The Normal Approximation to the Binomial

Most sets of Binomial tables only include relatively few possible values for n. However, this is not a big problem because we can use the normal approximation when n is larger than in the table. There is a small trick however for computing probabilities when n is just a little larger than that available in the tables.

First, we should easily realize that our random variable $S=\sum_{i=1}^{n}X_{i}$ can be easily transformed into a sample average by dividing by n.

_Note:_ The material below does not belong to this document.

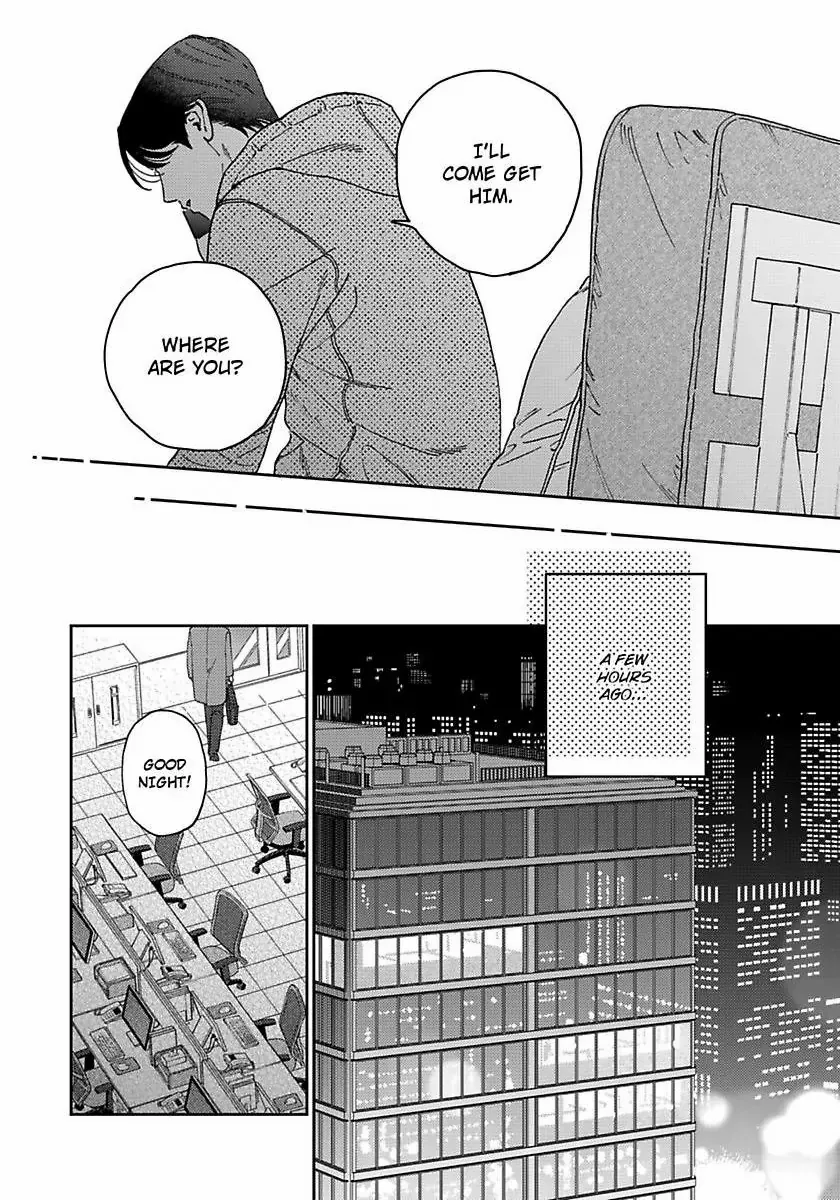 Omae No Hou Kara Kiss Shite Kure Yo - Chapter 5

Hence we can compute $$P[S>s]=P[n^{-1}S>n^{-1}s]=P[\bar{X}>n^{-1}s].$$ There is however an important detail buried in here - for discrete random variables like the Binomial we have to be careful with inequalities, but with the normal approximation we are not careful. The result is that we actually have two ways of computing any probability. This is because $$\begin{equation} P[S>s]=P[S\geq s+1] \end{equation} $$ Depending on which of these you use, you will get different answers. For n very large, the difference is likely in decimal places too small to worry about, but for n not too large this can make a difference.

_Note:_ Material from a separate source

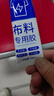 布料皮革修补专用胶水粘衣服logo修复汽车座椅真皮刮伤的胶沾皮衣包包印花服装标志裤子 不发白修复布料专用胶一支 实拍图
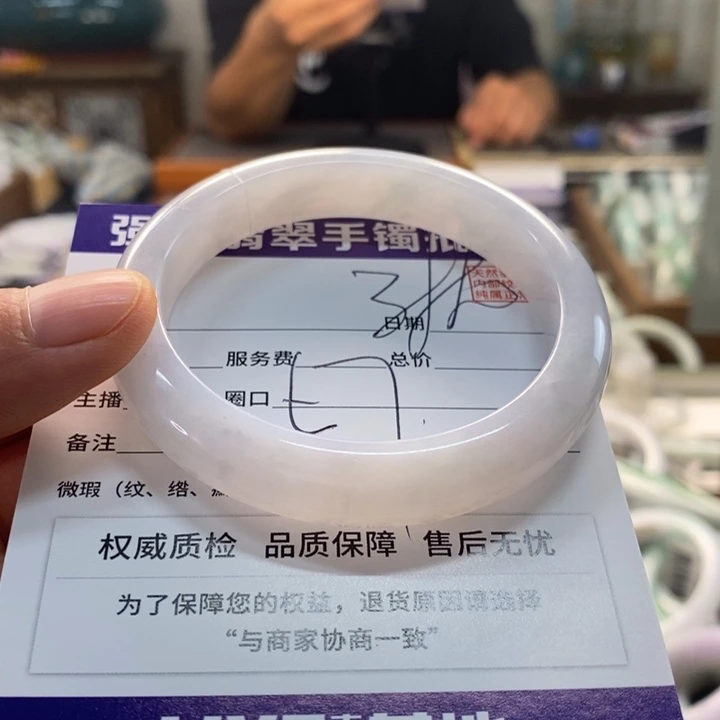 未镶嵌手镯翡翠翡翠手镯未镶嵌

To see this, we will work through a few calculations. Let $n=12$ and $p=0.5$ We will be interested in the $P[S \leq 4]$. From the Binomial distribution we can easily work out that this is exactly 0.194. But what happens with our normal approximation?

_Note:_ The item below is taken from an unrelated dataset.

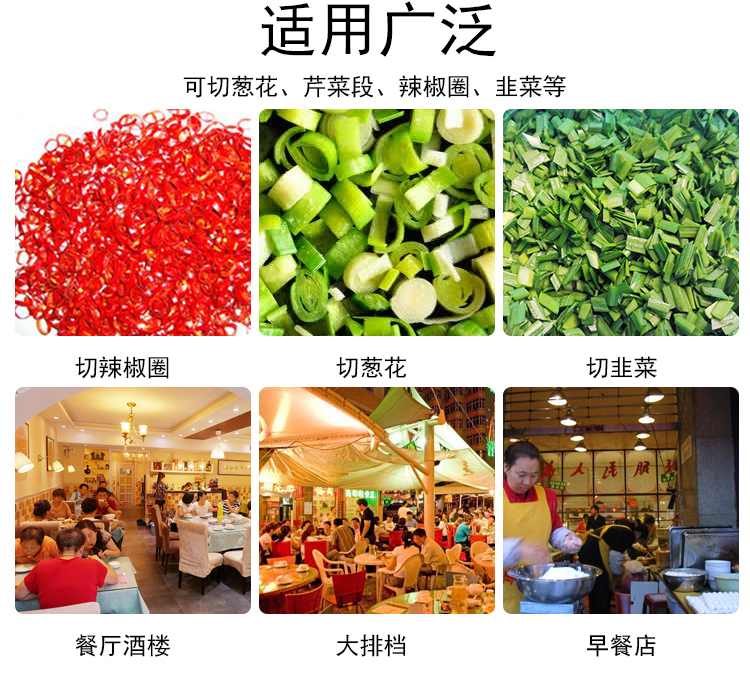 拉斯维加斯(9888)唯一官方网站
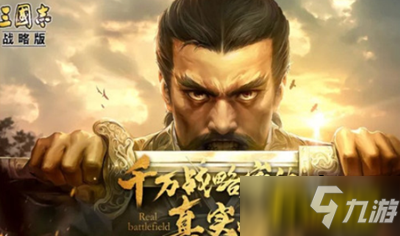 三國志戰(zhàn)略版s9賽季新武將是誰-s9賽季新武將分析介紹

First, try $P[S \leq 4]$. We have $$\begin{equation} \begin{split} P[S \leq 4] &= P[\bar{X} \leq \frac{4}{12}] &= P[\frac{\bar{X}-0.5}{\sqrt{0.5 (1-0.5)/12}} \leq \frac{\frac{4}{12}-0.5}{\sqrt{0.5 (1-0.5)/12}}] \\ & \approx P[Z \leq -1.1547] \\ & = 0.1241. \end{split} \end{equation} $$ This is not really that close to the correct answer of 0.194 (remember, it is an approximation). But notice we could have also calculated this as $P[S < 5]$. We have for this construction of the problem $$\begin{equation} \begin{split} P[S < 5] &= P[\bar{X} < \frac{5}{12}] &= P[\frac{\bar{X}-0.5}{\sqrt{0.5 (1-0.5)/12}}<\frac{\frac{5}{12}-0.5}{\sqrt{0.5 (1-0.5)/12}}] \\ & \approx P[Z < -0.5774] \\ & = 0.282. \end{split} \end{equation} $$ The first of these gives an approximation that is too low, the second gives an approximation that is too large. But in some sense either should be correct (as n gets large). We could consider splitting the difference, and working out $P[S < 4.5]$, where this is in between the two values. If we do this we end up with $$\begin{equation} \begin{split} P[S < 4.5] &= P[\bar{X} < \frac{4.5}{12}] &= P[\frac{\bar{X}-0.5}{\sqrt{0.5 (1-0.5)/12}}<\frac{\frac{4.5}{12}-0.5}{\sqrt{0.5 (1-0.5)/12}}] \\ & \approx P[Z < -0.8660] \\ & = 0.1932. \end{split} \end{equation} $$ This is a lot closer, and for n near the upper end of the Binomial tables we should do this. However most problems involve n quite large, in which case the difference between the three choices is not going to be noticeable. The question as always is how large n must be. One way to check is to compute the probability for both the $<$ and $\leq$ cases and check that the answers are the same to your desired accuracy.